Introducing the Enemy Early
That moment when we as DM’s get to reveal the boss monster at the end of a dungeon or story arch is always thrilling for us. I don’t just mean the final battle against Tiamat or Orcus at the end of a campaign. I’m talking about the boss monsters our players face at the end of almost every session before coming down from their Doritos crash. These baddies are the Crash Man to your campaign big bad’s Dr. Wily.
Have you ever been excited about a climatic reveal of one of these boss monsters only to have your players be unimpressed? Why should they be? They haven’t been thinking of this foe for a week or more the way you have. They might not know the villain’s backstory which is the reason the baddy had to monologue for five minutes before throwing down. They don’t know that the Monster Manual tells you that their blood should be running cold when they see a grell for the first time, which is why your description of a floating brain with tentacles was more confusing to them than intimidating. Odds are this is the first time they’ve met this enemy and I believe that is the problem.
Consider this.

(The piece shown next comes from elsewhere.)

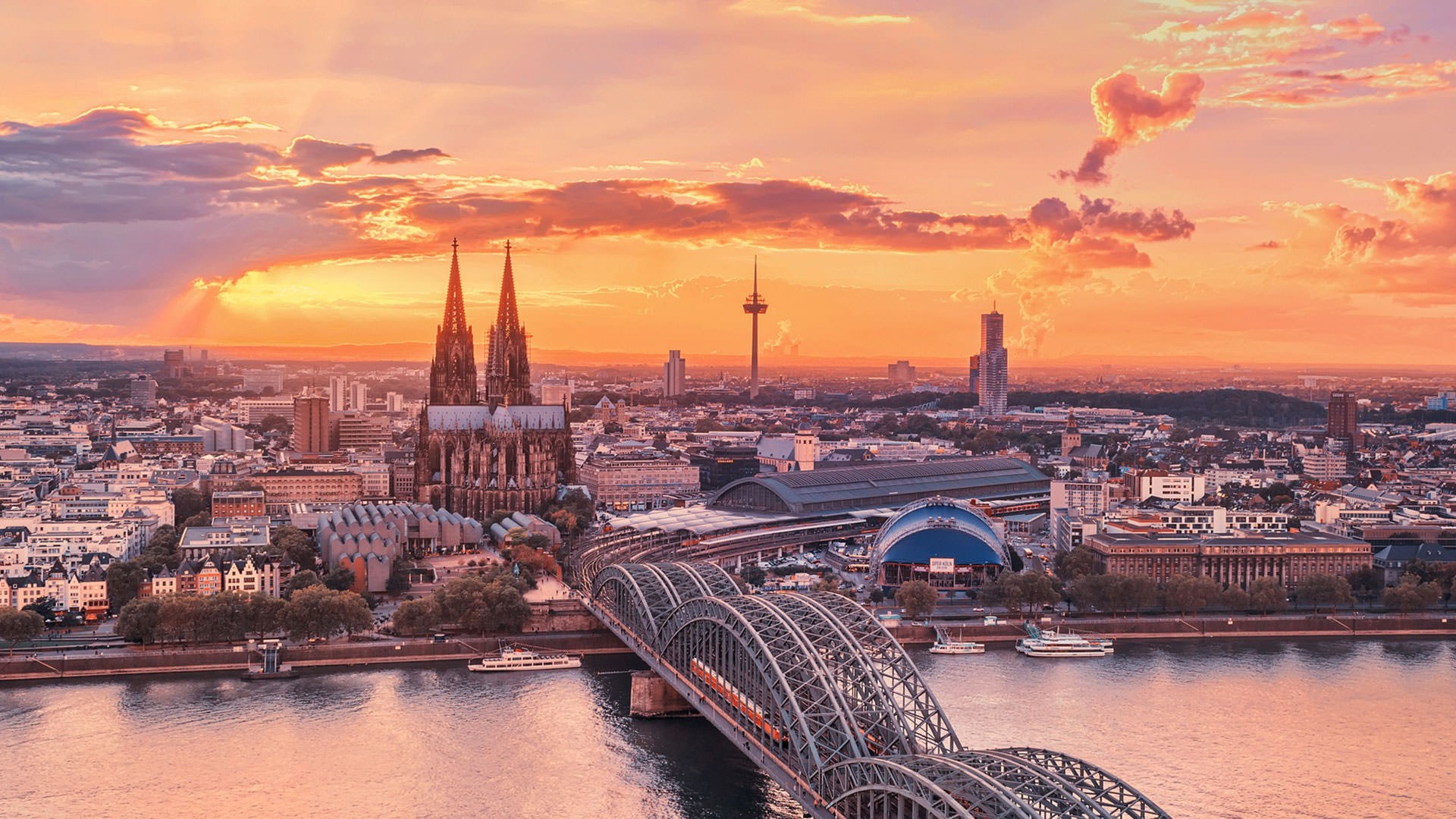 Cologne Cathedral and Hohenzollern Bridge at sunset HD Wallpaper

In almost every great movie the hero and villain meet several times before the climatic end encounter. That makes the fight personal and gives it meaning. Odds are that many of you are doing this with your big bads, but what about your medium bads? A big monster at the end of the dungeon is not necessarily as scary as you think when the players have no idea what they’re up against. This is even more true if you’ve got experienced players. They’ve taken down dragons in the past. Why should this one be any different?

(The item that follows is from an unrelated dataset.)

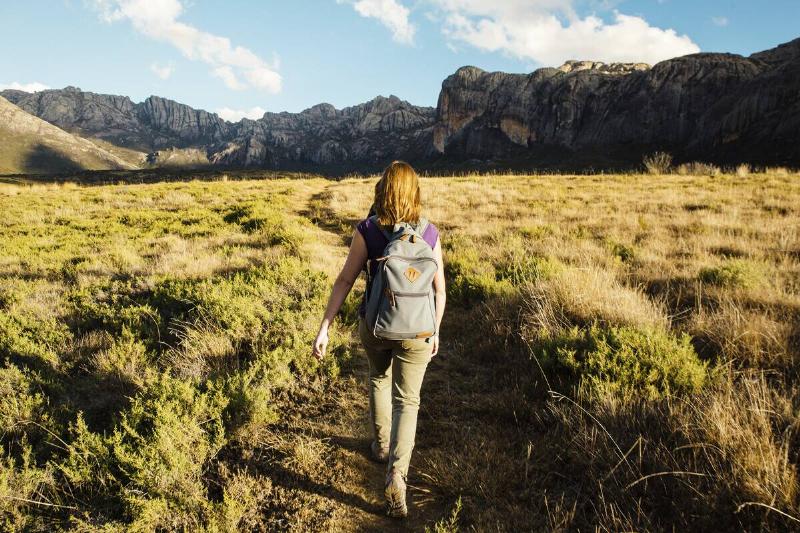 Hiker exploring a scenic mountain trail during golden hour.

In this blog post I’m going to give you some tips and tricks for introducing your boss monsters to players before the climax of the adventure so that your battles with these foes have some real dramatic weight. Many of these tips can easily be applied to published adventures, which often have boss monsters who players meet for the first and last time in battle at the end of a sprawling dungeon.
The One That Got Away
If the player characters can meet your baddy in combat once or twice before their final battle that’s always great for the story, but it’s also tricky. Odds are you don’t want your boss monster to die early or run away badly injured with the PCs laughing. On the same hand you probably also don’t want your players to get so throughly trounced that they all die or run away from the challenge thinking the villain way out their league. You also may not want your villain to reveal every trick and ability in its repertoire so the battle needs to be properly staged.
There’s a few way to handle meeting the baddy in battle before the winner-take-all-climactic battle.

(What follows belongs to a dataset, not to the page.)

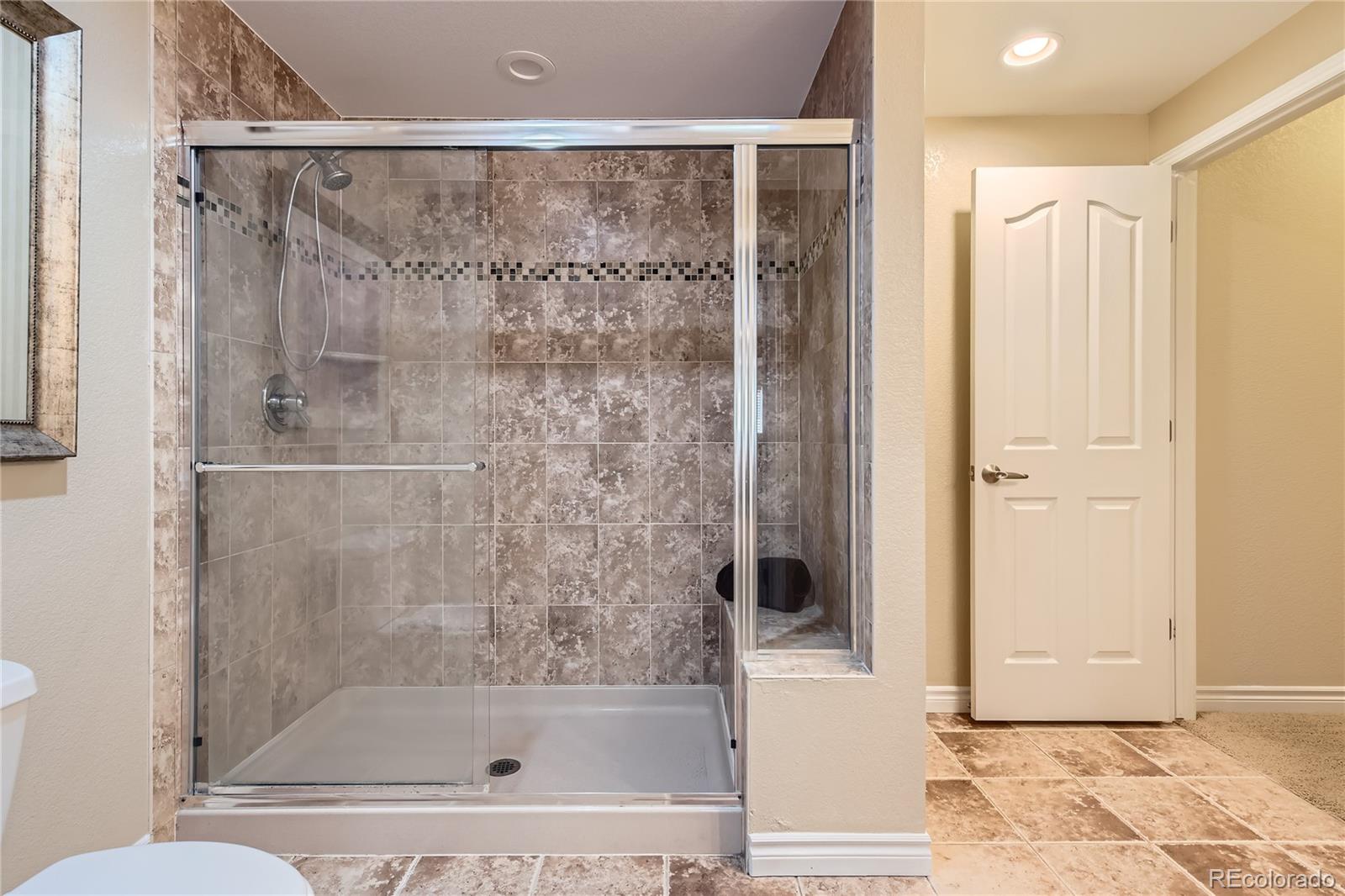 11074 Grayledge Circle Highlands Ranch, CO 80130 - Photo 35 of 47 a bathroom with a bathtub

During the first battle with the villain…
- The boss monster is under-powered. The first time our heroes meet the boss monster in battle, the villain is not at full strength. Maybe the baddy is coming fresh off another battle and has used some resources. Maybe it has weaknesses in the environment where the first battle takes place (like a drow wizard fighting in the daylight). Maybe it’s a creature that grows more powerful overtime and is rapidly evolving like in the video game Evolve. Maybe the villain doesn’t have all the minions in tow it plans on having during the final encounter. When the PCs reduce the foe to somewhere around half its hit points, it flees vowing vengeance and the culmination of a dastardly plan the PCs must stop. Giving this foe an ability, consumable item, or spell to aid their escape is not a bad idea. Flight, teleportation, and invisibility come to mind as options. You can always fudge the numbers to let the boss monster get away. Make it clear to them they caught the fiend unawares and next time they will not be so lucky.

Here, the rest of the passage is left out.